╭─ Raw data

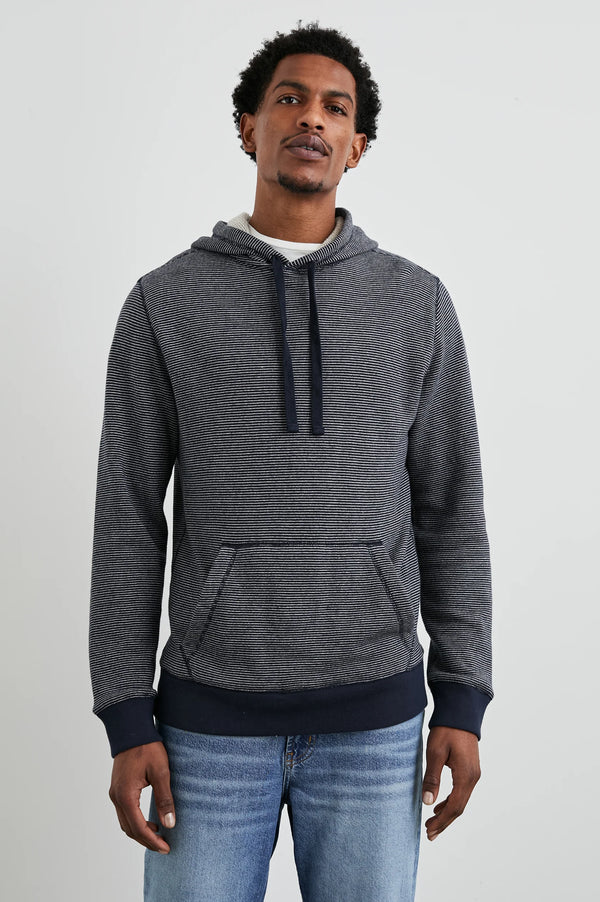 Rails Calvin Navy Cream Stripe Hoodie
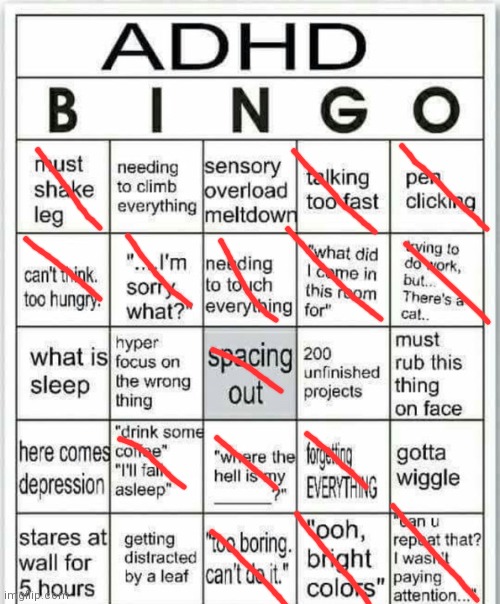 I has ADHD it seems (have not seen docs bout it so I may be wrong) | image tagged in adhd bingo | made w/ Imgflip meme maker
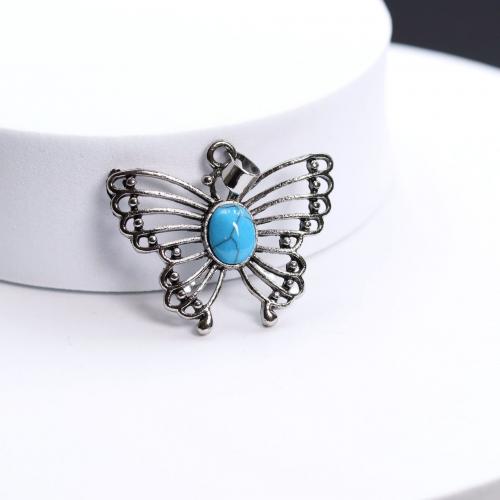 Turquoise Pendant Blue Turquoise with Zinc Alloy Butterfly silver color plated fashion jewelry & DIY & hollow blue Sold By PC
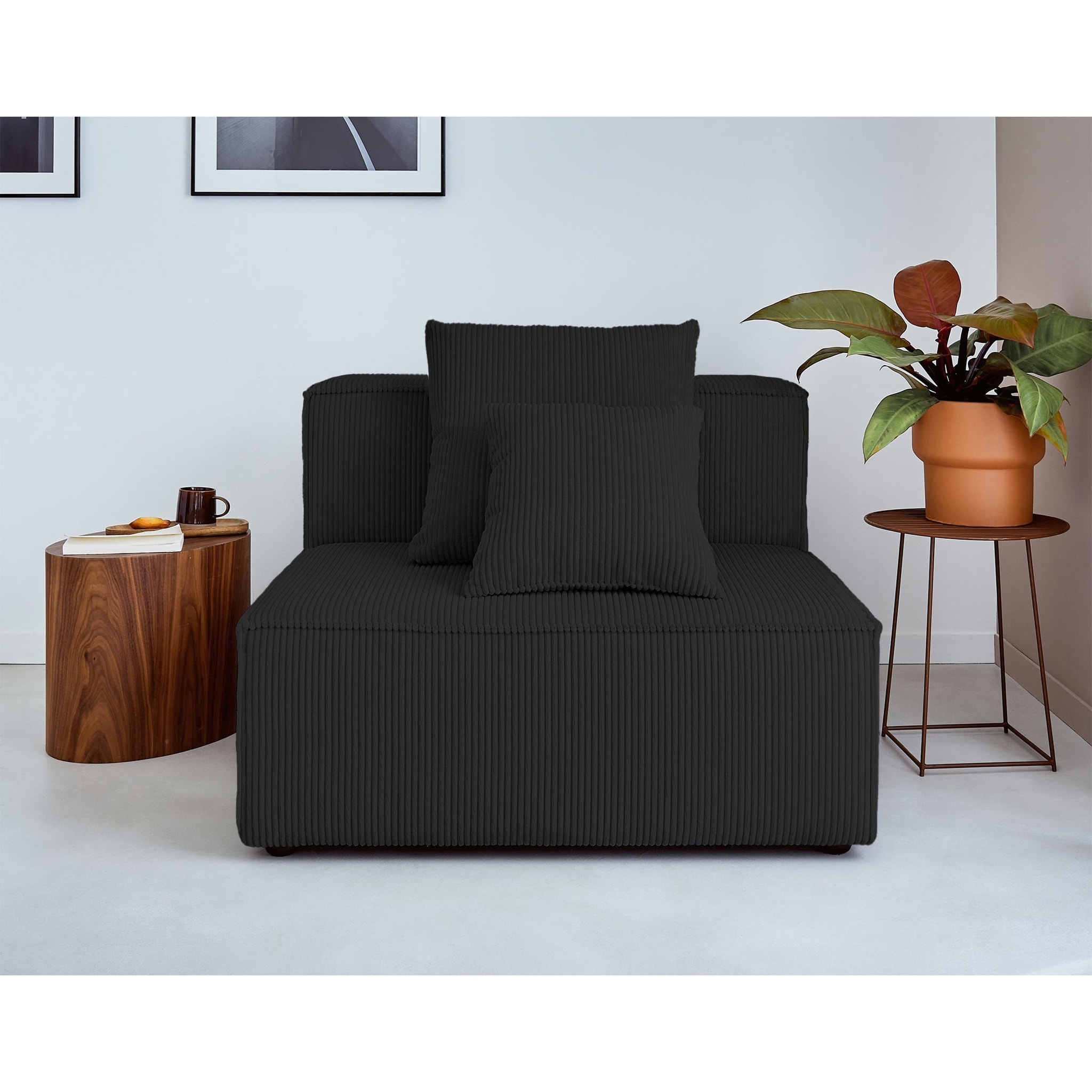 Colombine - module d'assise - en velours côtelé - Noir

╰─

**Brief:** Your output should be the lines from the one with "Turquoise Pendant Blue" through the end of the listing, copied exactly and with the pictures left out.

**Task solution:**
 Turquoise Pendant Blue Turquoise with Zinc Alloy Butterfly silver color plated fashion jewelry & DIY & hollow blue Sold By PC
 Colombine - module d'assise - en velours côtelé - Noir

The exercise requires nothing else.